(Data records)
--------------------------------
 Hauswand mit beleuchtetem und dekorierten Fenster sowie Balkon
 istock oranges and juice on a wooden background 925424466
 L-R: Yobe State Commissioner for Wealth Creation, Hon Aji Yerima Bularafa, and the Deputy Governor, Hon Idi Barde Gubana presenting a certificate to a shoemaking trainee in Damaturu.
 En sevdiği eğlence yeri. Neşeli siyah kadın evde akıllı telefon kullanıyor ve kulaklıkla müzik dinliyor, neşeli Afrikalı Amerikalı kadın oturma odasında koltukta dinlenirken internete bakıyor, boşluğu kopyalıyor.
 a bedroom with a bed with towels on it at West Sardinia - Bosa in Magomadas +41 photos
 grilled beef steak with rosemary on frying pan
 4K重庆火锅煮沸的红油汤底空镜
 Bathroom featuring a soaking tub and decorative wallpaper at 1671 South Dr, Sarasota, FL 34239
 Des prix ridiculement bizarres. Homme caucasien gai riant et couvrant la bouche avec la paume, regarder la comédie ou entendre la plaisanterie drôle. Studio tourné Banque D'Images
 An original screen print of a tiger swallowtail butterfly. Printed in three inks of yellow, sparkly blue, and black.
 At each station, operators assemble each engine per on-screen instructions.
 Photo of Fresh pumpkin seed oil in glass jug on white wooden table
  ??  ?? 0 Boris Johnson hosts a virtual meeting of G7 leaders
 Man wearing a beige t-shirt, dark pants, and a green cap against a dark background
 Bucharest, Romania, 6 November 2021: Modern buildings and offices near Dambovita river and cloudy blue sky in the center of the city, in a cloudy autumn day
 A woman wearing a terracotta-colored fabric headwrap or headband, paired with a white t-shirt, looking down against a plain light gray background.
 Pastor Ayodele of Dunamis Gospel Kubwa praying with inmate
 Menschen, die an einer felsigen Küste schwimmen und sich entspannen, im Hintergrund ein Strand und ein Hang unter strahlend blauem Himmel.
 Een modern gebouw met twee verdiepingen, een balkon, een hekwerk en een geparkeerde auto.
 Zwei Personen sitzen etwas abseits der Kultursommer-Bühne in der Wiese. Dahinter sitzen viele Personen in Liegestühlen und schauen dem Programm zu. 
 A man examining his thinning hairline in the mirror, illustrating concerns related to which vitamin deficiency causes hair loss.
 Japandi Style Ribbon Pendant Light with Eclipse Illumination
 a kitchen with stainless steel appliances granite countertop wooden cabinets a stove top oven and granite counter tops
--------------------------------
(About this task) Each entry needs to be written out again, exactly as given.

(Solution)
 Hauswand mit beleuchtetem und dekorierten Fenster sowie Balkon
 istock oranges and juice on a wooden background 925424466
 L-R: Yobe State Commissioner for Wealth Creation, Hon Aji Yerima Bularafa, and the Deputy Governor, Hon Idi Barde Gubana presenting a certificate to a shoemaking trainee in Damaturu.
 En sevdiği eğlence yeri. Neşeli siyah kadın evde akıllı telefon kullanıyor ve kulaklıkla müzik dinliyor, neşeli Afrikalı Amerikalı kadın oturma odasında koltukta dinlenirken internete bakıyor, boşluğu kopyalıyor.
 a bedroom with a bed with towels on it at West Sardinia - Bosa in Magomadas +41 photos
 grilled beef steak with rosemary on frying pan
 4K重庆火锅煮沸的红油汤底空镜
 Bathroom featuring a soaking tub and decorative wallpaper at 1671 South Dr, Sarasota, FL 34239
 Des prix ridiculement bizarres. Homme caucasien gai riant et couvrant la bouche avec la paume, regarder la comédie ou entendre la plaisanterie drôle. Studio tourné Banque D'Images
 An original screen print of a tiger swallowtail butterfly. Printed in three inks of yellow, sparkly blue, and black.
 At each station, operators assemble each engine per on-screen instructions.
 Photo of Fresh pumpkin seed oil in glass jug on white wooden table
  ??  ?? 0 Boris Johnson hosts a virtual meeting of G7 leaders
 Man wearing a beige t-shirt, dark pants, and a green cap against a dark background
 Bucharest, Romania, 6 November 2021: Modern buildings and offices near Dambovita river and cloudy blue sky in the center of the city, in a cloudy autumn day
 A woman wearing a terracotta-colored fabric headwrap or headband, paired with a white t-shirt, looking down against a plain light gray background.
 Pastor Ayodele of Dunamis Gospel Kubwa praying with inmate
 Menschen, die an einer felsigen Küste schwimmen und sich entspannen, im Hintergrund ein Strand und ein Hang unter strahlend blauem Himmel.
 Een modern gebouw met twee verdiepingen, een balkon, een hekwerk en een geparkeerde auto.
 Zwei Personen sitzen etwas abseits der Kultursommer-Bühne in der Wiese. Dahinter sitzen viele Personen in Liegestühlen und schauen dem Programm zu. 
 A man examining his thinning hairline in the mirror, illustrating concerns related to which vitamin deficiency causes hair loss.
 Japandi Style Ribbon Pendant Light with Eclipse Illumination
 a kitchen with stainless steel appliances granite countertop wooden cabinets a stove top oven and granite counter tops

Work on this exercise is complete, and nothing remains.